It was natural that this action regarding dividends should have awakened much uneasiness.... To predict a similar cutting of dividends by other railway companies would, however, be unwarranted. The case of the Southern Railway and the Erie was peculiar. Each had been classed among the financially weak railways of the country. Both were reorganized from absolute railway wrecks, and in each the new scheme of capitalization was proposed to the markets at a time when recovery from the depression of 1893 had not made such progress as it had achieved when the greater companies, like the Union Pacific, were reorganized. The result was that, with both these railways, provisions of working capital and adjustment of liabilities to the possible needs of an active industrial future were inadequately made. [Footnote: Alexander D. Noyes, The Forum, October-December, 1907, p.198.]

An excellent illustration of how to refute argument by generalization is found in the following quotation. It has been said that since England finds free trade beneficial, the United States should adopt the same policy. Mr. Reed, a leading advocate of protection, points out the weakness of this argument.

According to the usual story that is told, England had been engaged with a long and vain struggle with the demon of protection, and had been year after year sinking farther into the depths, until at a moment when she was in her distress and saddest plight, her manufacturing system broke down, "protection, having destroyed home trade by reducing," as Mr. Atkinson says, "the entire population to beggary, destitution, and want." Mr. Cobden and his friends providentially appeared, and after a hard struggle established a principle for all time and for all the world, and straightway England enjoyed the sum of human happiness. Hence all good nations should do as England has done and be happy ever after.

Suppose England, instead of being a little island in the sea, had been the half of a great continent full of raw material, capable of an internal commerce which would rival the commerce of all the rest of the world.

Suppose every year new millions were flocking to her shores, and every one of those new millions in a few years, as soon as they tasted the delights of a broader life, would become as great a consumer as any one of her own people.

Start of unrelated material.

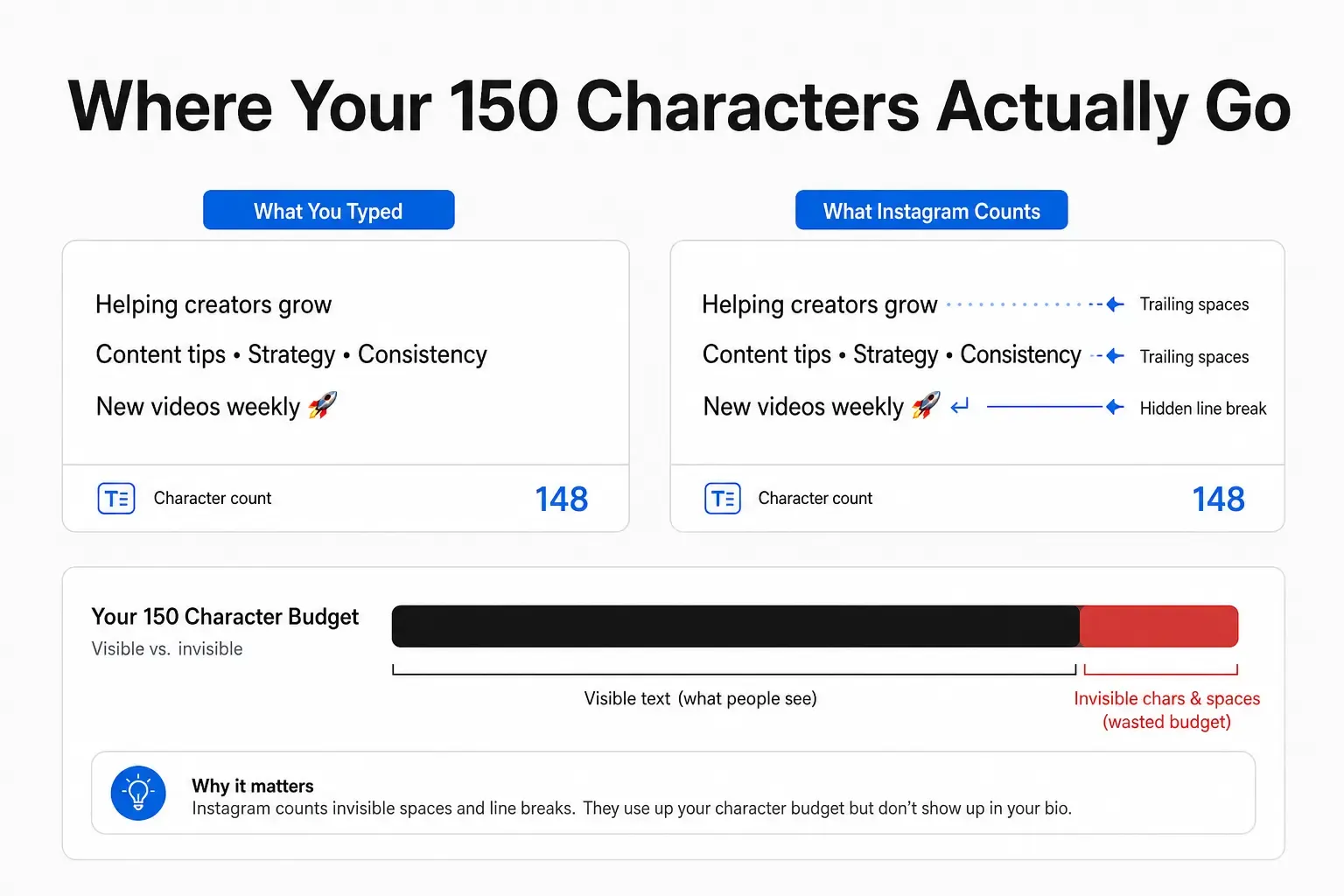 Where your 150 characters actually go - infographic showing how invisible trailing spaces and hidden line-break characters consume character budget without any visible content, as generated for PostTruncate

Suppose that these millions, and the 70,000,000 already gathered under the folds of her flag, were every year demanding and receiving a higher wage and therefore broadening her market as fast as her machinery could furnish production. Suppose she had produced cheap food beyond all her wants, and that her laborers spent so much money that whether wheat was sixty cents a bushel or twice that sum hardly entered the thoughts of one of them except when some democratic tariff bill was paralyzing his business.

Suppose that she was not only but a cannon shot from France, but that every country in Europe had been brought as near to her as Baltimore is to Washington--for that is what cheap ocean freights mean between us and European producers. Suppose all those countries had her machinery, her skilled workmen, her industrial system, and labor forty per cent. cheaper. Suppose under that state of facts, with all her manufactures proclaiming against it, frantic in their disapproval, England had been called upon by Cobden to make the plunge into free trade, would she have done it? Not if Cobden had been backed by the angelic host. History gives England credit for great sense. [Footnote: Thomas B. Reed, Speech in House of Representatives, Feb. 1, 1904.]

ARGUMENT FROM ANALOGY. When two instances of objects which are _unlike in themselves_, but which _perform similar functions or have similar relations_, are compared for the sake of showing that what is true in one case is true in the other, the process is called _argument from analogy_. The following quotation is a good illustration of this kind of argument:--

"Mr. Pinchot compared our present consumption of wood to the case of a man in an open boat at sea, cut adrift from some shipwreck and with but a few days' supply of water on board. He drinks all the water the first day, simply because he is thirsty, though he knows that the water will not last long. The American people know that their wood supply will last but a few decades. Yet they shut their eyes to the facts."

Water and wood are not alike in themselves; they cannot be directly compared, but they are alike in the relations they bear to other circumstances.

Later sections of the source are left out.